I am a computer programmer and I am building a search engine for a client. Right now I am puzzling myself about the order in which I should return search results. There are two obvious orderings:
- Relevancy - Documents that contain most overlap with the query text first.
- Popularity - Documents that are more popular first.
Both of these orderings are too extreme, I would rather have something that is "right in the middle of both of them". Is there any mathematically significant middle ground between these orderings?
Let's take a slightly more mathematically rigorous stab at it.
- Let $D$ be the set of all documents returned in a given search
- Define a relevancy function: $rel:D\rightarrow\mathbb{R}$ that imposes an ordering upon $D$
- Define a popularity function: $pop:D\rightarrow\mathbb{R}$ that imposes an ordering upon $D$
- Define a mixture function: $mix(d;\alpha)=\alpha\cdot rel(d)+(1-\alpha)\cdot pop(d)$
The goal, then, is to determine $\alpha$ such that the ordering imposed upon $D$ by $mix$ is at the "special, magically, just right point" between the ordering imposed by $rel$ and the ordering imposed by $pop$. (Admittedly, my mathematical rigor has broken down here just a bit.)
Thinking naïvely about this, $\alpha=\frac{1}{2}$ seemed to be a good choice, but then I realized that this doesn't take scaling into account at all. For instance, if $pop$ maps $D$ to a much broader range of values than $rel$, then it's possible that the $mix$ ordering will be identical to the $pop$ ordering!

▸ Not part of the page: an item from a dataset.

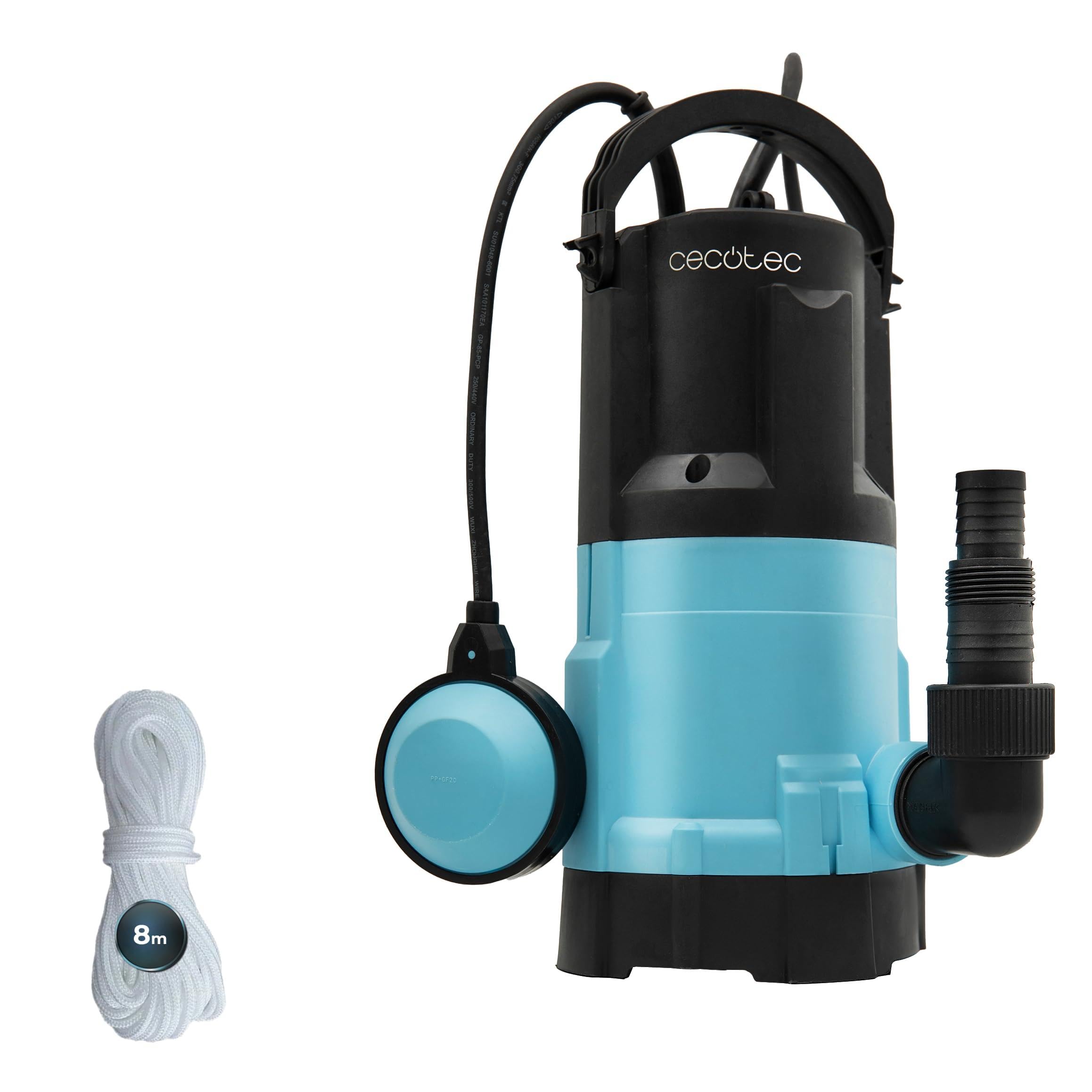 Cecotec Neptunus 750 Zatapialna pompa ciemna i kryształowa 750 W, 2w1 woda czysta i brudna, 14000 l/h, funkcja niskiego zasysania, wysokość 7,5 m, głębokość 7 m, przełącznik pływakowy, IPX8, kabel 10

So is there any "sweet-spot" for $\alpha$? Is there a way to determine it? The one I'm visualizing right now has to do with the permutation matrices that map the $rel$ ordering to the $mix$ ordering, (denoted $P_r$), and the permutation matrices that map the $pop$ ordering to the $mix$ ordering, (denoted $P_p$). If $\alpha=1$ then $P_r$ is the identity matrix and $P_p$ is "as scattered as possible". If $\alpha=0$ then $P_r$ is "as scattered as possible" and $P_p$ is the identity matrix. Is there some value for $\alpha$ that balances these two extremes, so that $P_r$ and $P_p$ reside as close as possible to the identity matrix without hurting the other? Is there any other notable points between the $rel$ and $pop$ ordering that I haven't considered?